:: WHAT TO PRODUCE ::
The listing below is to be copied exactly, with pictures excluded.

:: DATASET EXCERPT ::
* * *
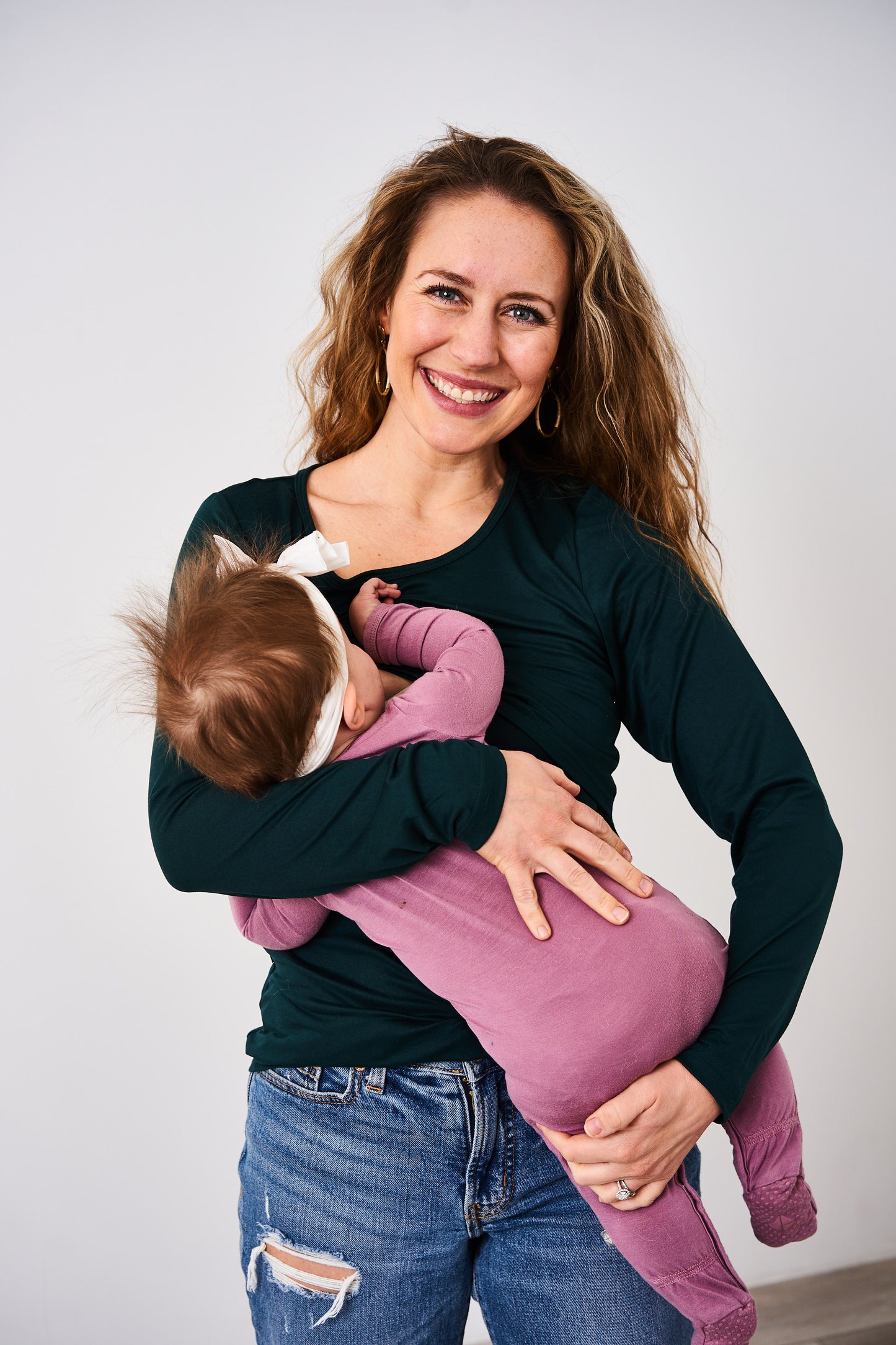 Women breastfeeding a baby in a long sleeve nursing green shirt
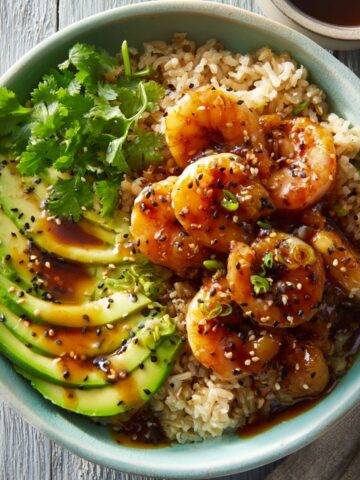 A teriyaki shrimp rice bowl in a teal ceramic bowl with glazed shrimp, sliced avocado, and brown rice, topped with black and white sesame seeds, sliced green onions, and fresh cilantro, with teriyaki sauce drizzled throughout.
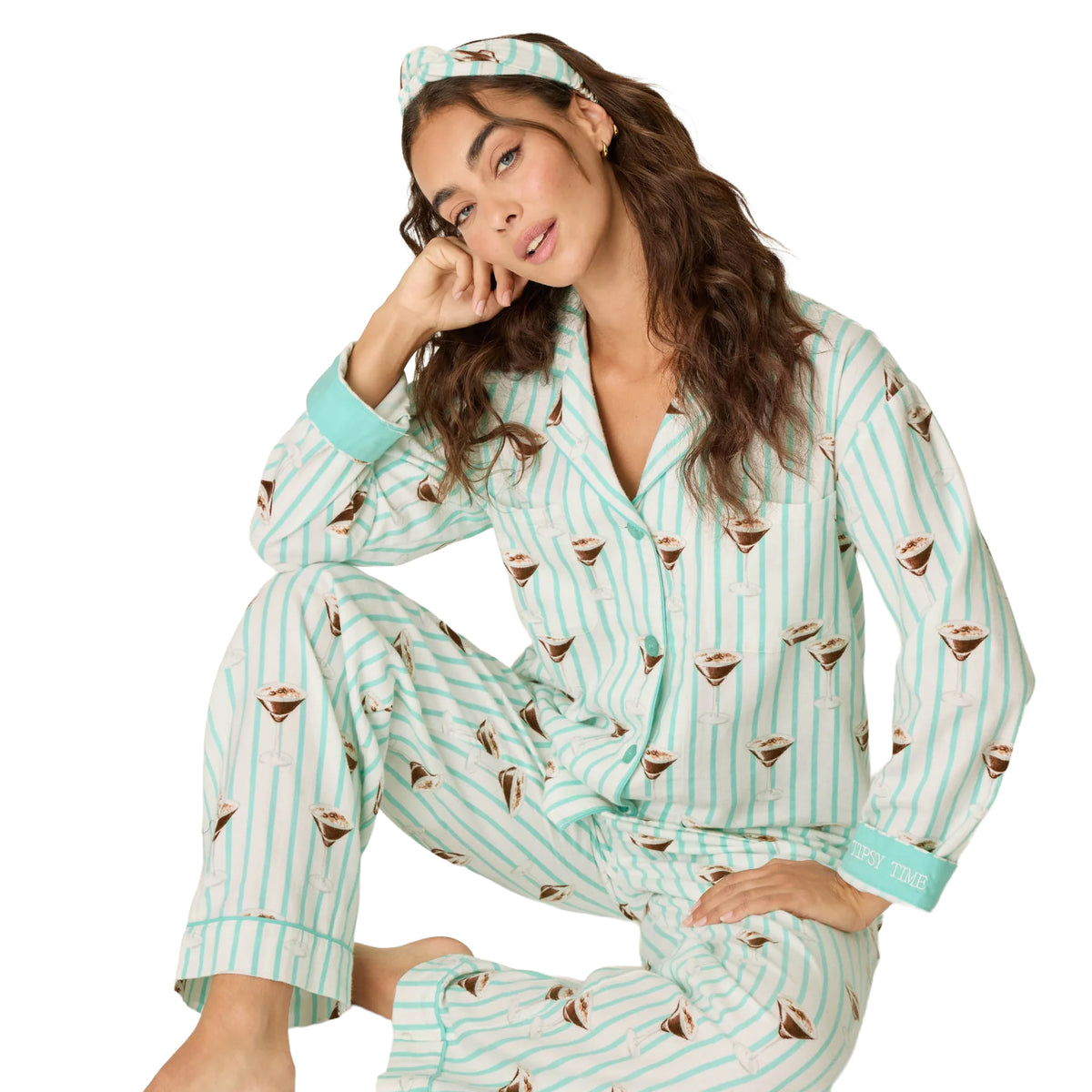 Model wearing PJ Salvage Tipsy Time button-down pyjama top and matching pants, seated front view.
* * *
:: SOLUTION FOR THIS TASK ::
 Women breastfeeding a baby in a long sleeve nursing green shirt
 A teriyaki shrimp rice bowl in a teal ceramic bowl with glazed shrimp, sliced avocado, and brown rice, topped with black and white sesame seeds, sliced green onions, and fresh cilantro, with teriyaki sauce drizzled throughout.
 Model wearing PJ Salvage Tipsy Time button-down pyjama top and matching pants, seated front view.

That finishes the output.